Version 9 of Creating an Invalid Tcl_Obj via SQLite

Updated 2020-06-21 08:40:13 by pooryorick
if 0 {

Creating an Invalid Tcl_Obj via SQLite explores the interactions of SQLite and Tcl

Description

According to SQLite documentation, a blob that is cast to text is "interpreted" as text encoded in the database encoding. What that means is that SQLite assumes that the blob value is properly-encoded, and assigns the type text to it. Because it doesn't verify that the value is properly encoded, it is possible store into the database a value of type "text" invalid, I.e. that is not properly encoded. Later on, SQLite may create an invalid Tcl_Obj by storing the invalid text into "bytes" field of a Tcl_Obj.
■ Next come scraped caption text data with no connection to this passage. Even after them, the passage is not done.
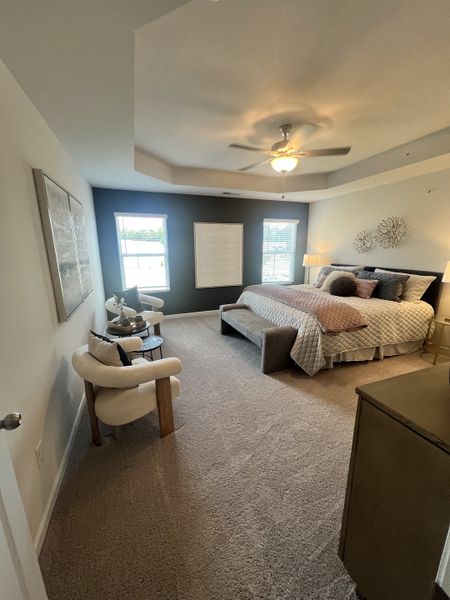 A cozy bedroom featuring a plush carpet, elegant seating area, and a modern ceiling fan with soft lighting.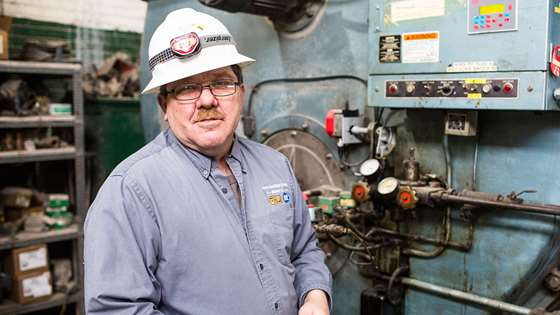 Dan Turcotte stands near machinery in the Blue Seal warehouse
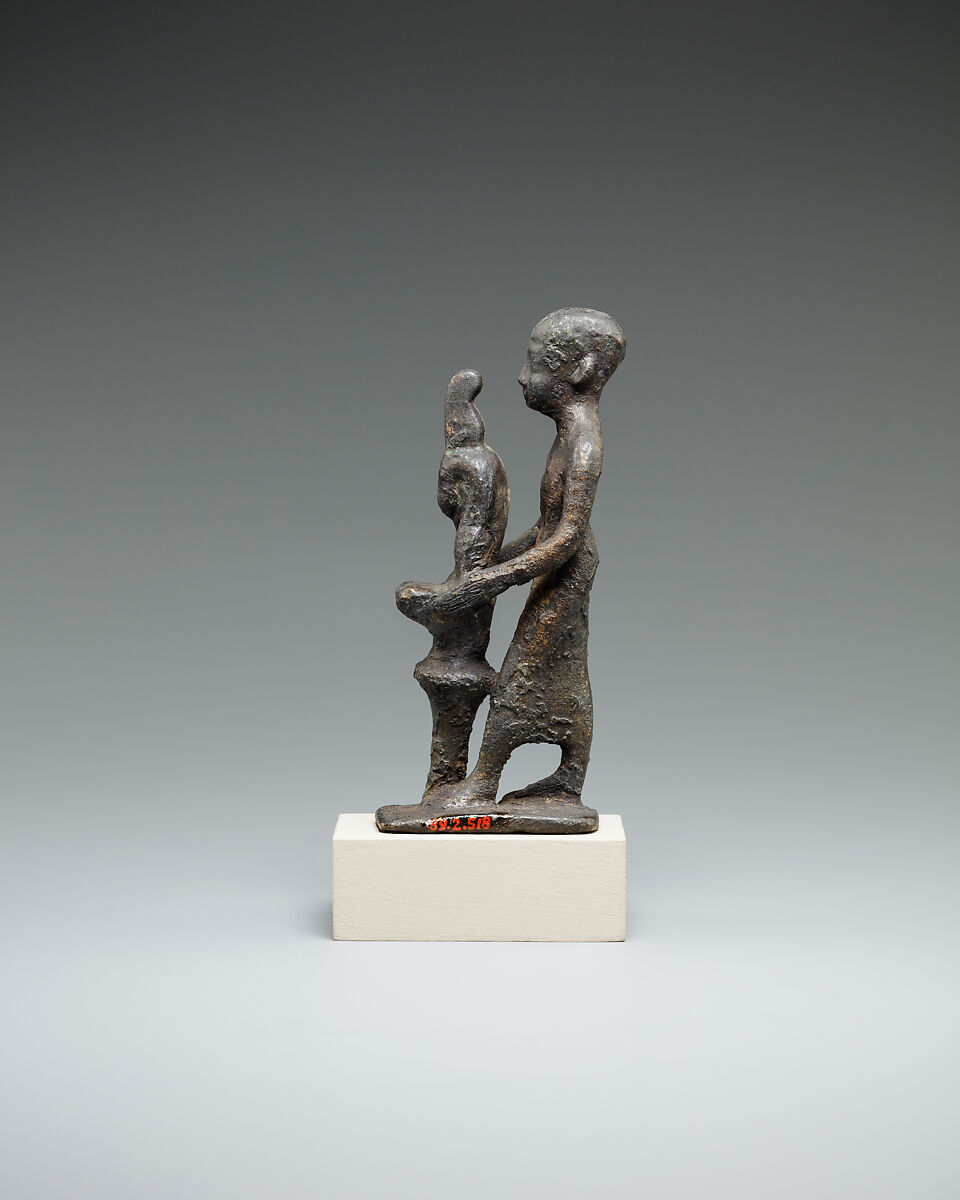 Individual holding a Maat bust on a stand, Bronze or cupreous alloy
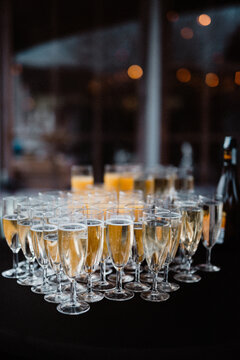 Champagne and fruit juice on a table ready to be served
The "bytes" field is supposed to store a string encoded in modified utf-8. If the data in "bytes" is not modified utf-8, various Tcl routines fail in a variety of ways. The following example illustrates some of that behaviour.

First, some setup:

}
#! /usr/bin/env tclsh

package require sqlite3

sqlite3 db :memory:

db eval {
        create table t1 (
                vals
        )

}
variable data1 bb 

if 0 {

In a Tcl ByteArray, each byte represents a single Unicode character, so $data1b is the single character \ubb

}

variable data1b [binary format H* $data1]

if 0 {

If a value has a BinaryArray internal representation, but no string representation, SQLite uses the bytes in the array as a blob. In the current case, $data1b has no string representation so SQLite treats it as blob, making this cast a no-op.

}
set castasblob1 [db eval {select cast($data1b as blob)}]

if 0 {

When $data1b is cast as text, SQLite makes no effort to verify that the $data1b is validly-encoded according to the current database encoding. It simply changes the type to text . In the current case, a single byte with the value 0xbb is stored as a(n invalid) text value.

}

db eval {insert into t1 values (cast($data1b as text))}

if 0 {

Tcl requires the "bytes" field of a value to be valid utf-8, but here sqlite stores the single byte 0xbb to "bytes" field of $data2. This is not valid utf-8, but in subsequent operations Tcl routines assume that it is.

}
set data2 [db onecolumn {select vals from t1}]

if 0 {

The new value does not compare as equal to the old value because the "bytes" value of \ubb is the valid utf-8 sequence \xc2\xbb but the "bytes" value that SQLite created is \xbb:

}

puts [list {strings equal?} [expr {$data2 eq $data1b}]]

if 0 {

To further illustrate, the first character of the two strings does not match:

}
set char1 [string index $data1b 0]
set char2 [string index $data2 0]
puts [list {first characters equal?} [expr {$char1 eq $char2}]]

if 0 {

In the next example, Tcl happens to succesfully convert 0xbb back to the original character here because even though 0xbb isn't valid utf-8, the utf-8 decoder happens to be implemented such that it falls back to interpreting 0xbb as a single-byte value that is a unicode code point. The "utf-8-decoded" character is now equal to the original character:

}

set char2u [encoding convertfrom utf-8 $char2]
puts [list {utf-8 decoded character equal?} [expr {$char1 eq $char2u}]]

if 0 {

Convert \ubb to its unicode code point:

}

scan $data1b %c ord2

if 0 {

scan also happens to convert 0xba to \ubb, so the ordinal values of the two characters are equal:

}

scan $data2 %c ord1
puts [list {ordinals are equal?} [expr {$ord1 eq $ord2}]]


if 0 {

An attempt to print the invalid value results in the error:

    "error writing stdout: invalid argument"
}

catch {
        puts $data2
} cres
puts [list {error printing value returned by sqlite:} $cres]


if 0 {

$castasblob1, which was created earlier, is equal to $data1b

}

puts [list {earlier result of casting as blob equals original?} [
    expr {$data1b eq $castasblob1}]]


if 0 {

A side effect of previous operations is that a string representation has been generated for $data1b, so sqlite no longer treats it as a blob, and casting to a blob is no longer a no-op. Now, casting $data1b as a blob produces the utf-8 encoding \ubb.

}
  set data3 [db eval {select cast($data1b as blob)}]
  puts [list {result of casting as blob equals original?} [expr {$data1b eq $data3}]]
  set data1b_utf [encoding convertto utf-8 $data1b]
  puts [list {instaed, result of casting is the utf-8 encoding of the original value?} [
          expr {$data1b_utf eq $data3}]]

if 0 {

To summarize the findings:

        If a blob that is not valid utf is cast to text and then stored, the
        database now contains text data that is not in the database encoding.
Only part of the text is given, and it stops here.